Contratto di lavoro a tempo indeterminato

Il famoso posto fisso fa gola a molti, se non a tutti, soprattutto in un contesto di precarietà e disoccupazione come quello odierno. Le ultime modifiche legislative, però, hanno reso il posto fisso… Un po’ meno fisso. A dimostrarlo sono parecchi casi specifici. La domanda allora sorge spontanea: il contratto a tempo di lavoro indeterminato è veramente sicuro?

Contratto a tempo indeterminato e Jobs Act

Il Jobs Act si è reso protagonista di una profonda trasformazione del mercato del lavoro. A prescindere dalle conclusioni di tipo politico, si può affermare che abbia contribuito a migliorare alcuni parametri, tra cui il numero assoluto degli occupati. Ha tuttavia prodotto alcuni effetti collaterali. Per alcuni si tratta dell’inevitabile e giusto prezzo da pagare, per i detrattori di un vero e proprio pasticcio.

Il riferimento è al contratto a tutele crescenti, che ha sostituito nei fatti il contratto di lavoro a tempo indeterminato. Ufficialmente, è una declinazione abbastanza esatta del concetto di “posto fisso”. Nella realtà, pone in essere alcune pericolose derive, un certo numero di rischi in grado non solo di aumentare il senso di precarietà ma anche di mettere in serio pericolo i lavoratori.

Lavoro subordinato con libertà di licenziamento

Un caso che ha fatto molto discutere, riportato tra le altre cose da BiancoLavoro, ha come protagonista tale Paolo Pigna di Tolmezzo, che è stato licenziato pochi mesi dopo essere stato assunto con il nuovo contratto di lavoro a tempo indeterminato (a tutele crescenti). In estrema sintesi, l’azienda, sebbene abbia giustificato il tutto con un improvviso calo di lavoro, ha goduto dei benefici fiscali stabiliti dalla riforma, per poi “sbarazzarsi” del lavoratore.

Tutto legale. Dal punto di vista normativo, il titolare poteva fare ciò che ha realmente fatto. Ma se è vero che ha violato la legge, allora è quest’ultima ad avere qualcosa che non va. Il caso è stato commentato dal ministro del lavoro Giuliano Poletti, che ha definito la scelta del datore di lavoro come “irrazionale”.

Ha suscitato scalpore anche il commento di Pietro Ichino, uno dei più famosi giuslavoristi italiani.
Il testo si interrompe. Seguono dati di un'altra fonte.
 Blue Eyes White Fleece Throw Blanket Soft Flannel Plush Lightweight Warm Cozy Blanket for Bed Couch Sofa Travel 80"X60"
In estrema sintesi, l’esponente PD ha ammesso la correttezza formale del gesto, pur relegandola nella categoria delle eccezioni e dei casi limite. Il licenziamento post-assunzione a fini fiscali non desterebbe preoccupazioni perché, proprio come ha dichiarato il ministro, è controproducente.
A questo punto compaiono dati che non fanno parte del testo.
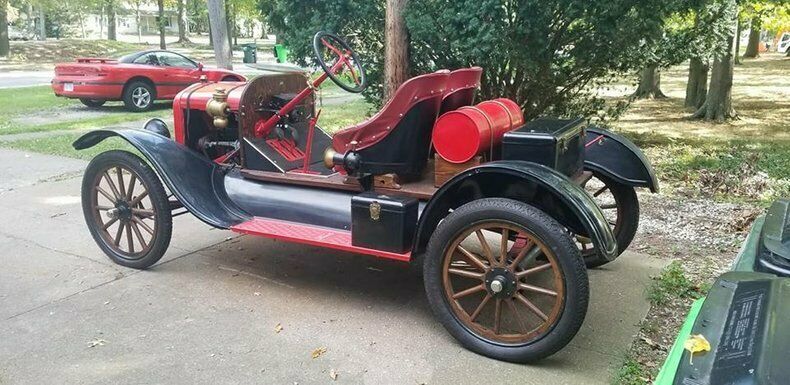 1923 Red Ford Model T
“Se un lavoratore è competente e professionalmente affidabile, è difficile che uno sgravio contributivo temporaneo basti per fargli preferire un lavoratore meno competente e meno affidabile” ha affermato Ichino.

Non c’è dubbio: il commento ha una sua logica. Pone in essere, tuttavia, un corollario dai risvolti pessimi. La tutela dei lavoratori è garantita non tanto dalla legge quanto dal buon senso dei datori di lavoro. Le garanzie sono demandate, certo non nella loro totalità, alle valutazioni dei singoli, che sono potenzialmente fallaci. Nulla di preoccupante, se non fosse che il nuovo contratto di lavoro a tempo indeterminato è, almeno in campo privato, il non plus ultra della stabilità nel mercato di lavoro italiano.